Repeat the data below in full. Pictures must not be part of the copy.

▶ **Collected data**

* * *

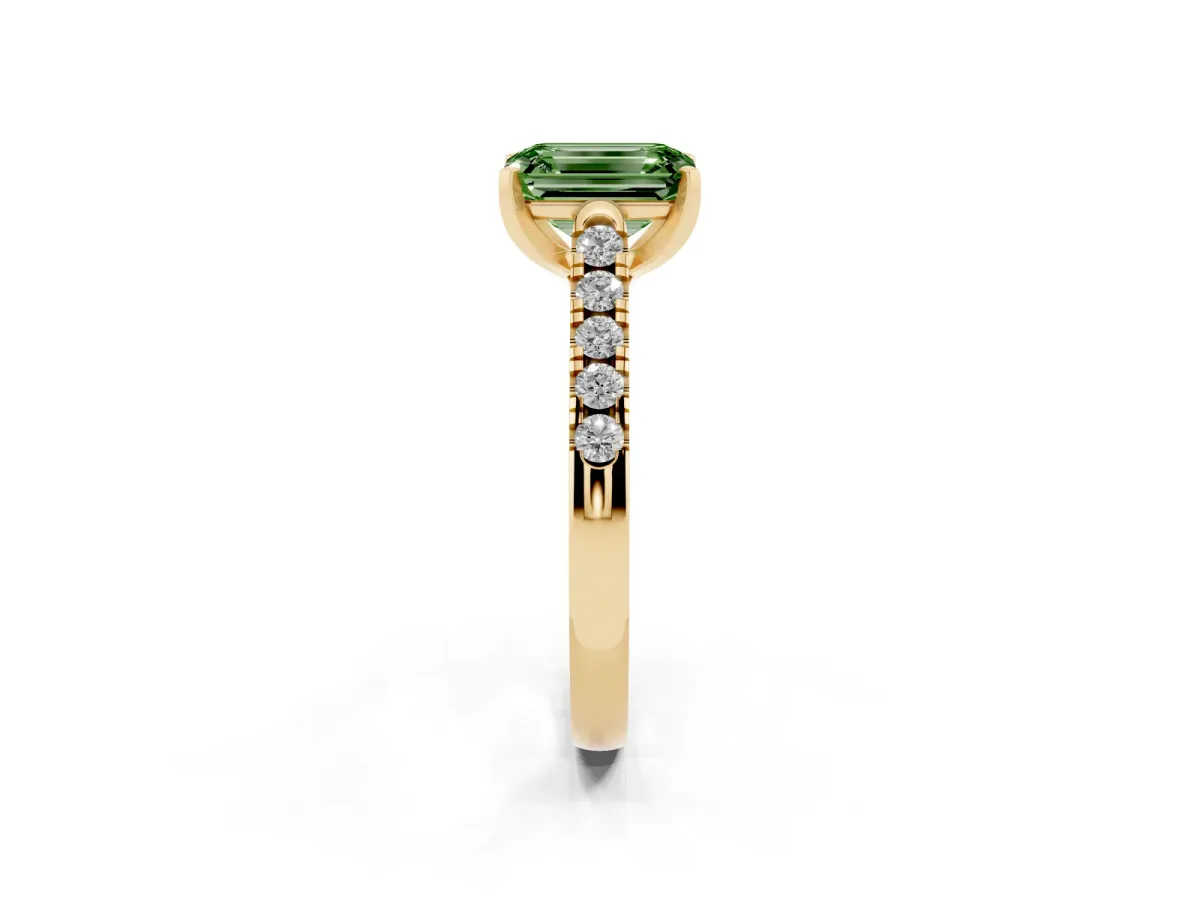 Fancy Green Emerald Cut Diamond Pavé Band Solitaire Ring with Prong Setting Yellow gold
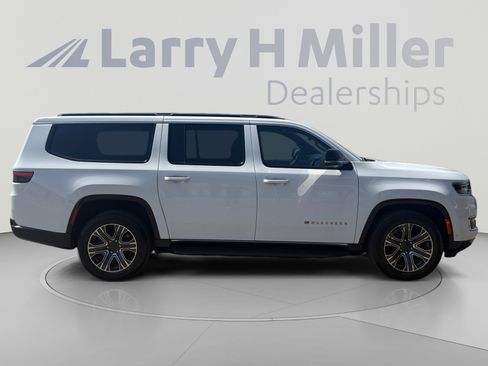 Used 2024 Jeep Wagoneer L Series II w/ Flexible Seating Group RWD image 6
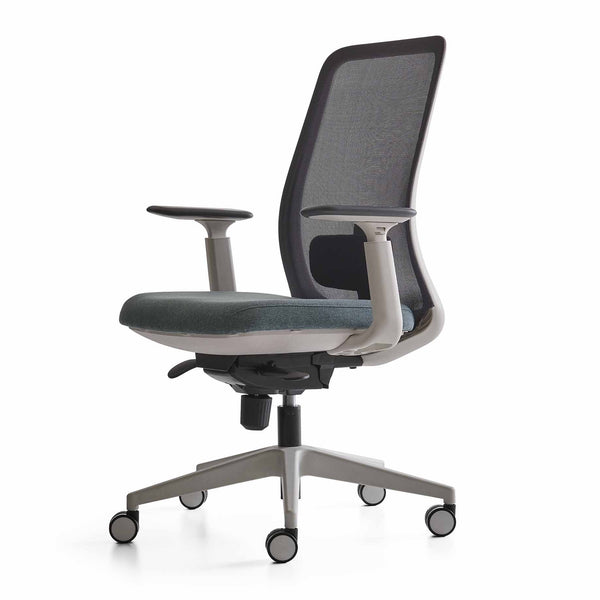 Chaise de bureau avec dossier résille blanc ou noir - Eva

* * *

▶ **Solution to the problem**
 Fancy Green Emerald Cut Diamond Pavé Band Solitaire Ring with Prong Setting Yellow gold
 Used 2024 Jeep Wagoneer L Series II w/ Flexible Seating Group RWD image 6
 Chaise de bureau avec dossier résille blanc ou noir - Eva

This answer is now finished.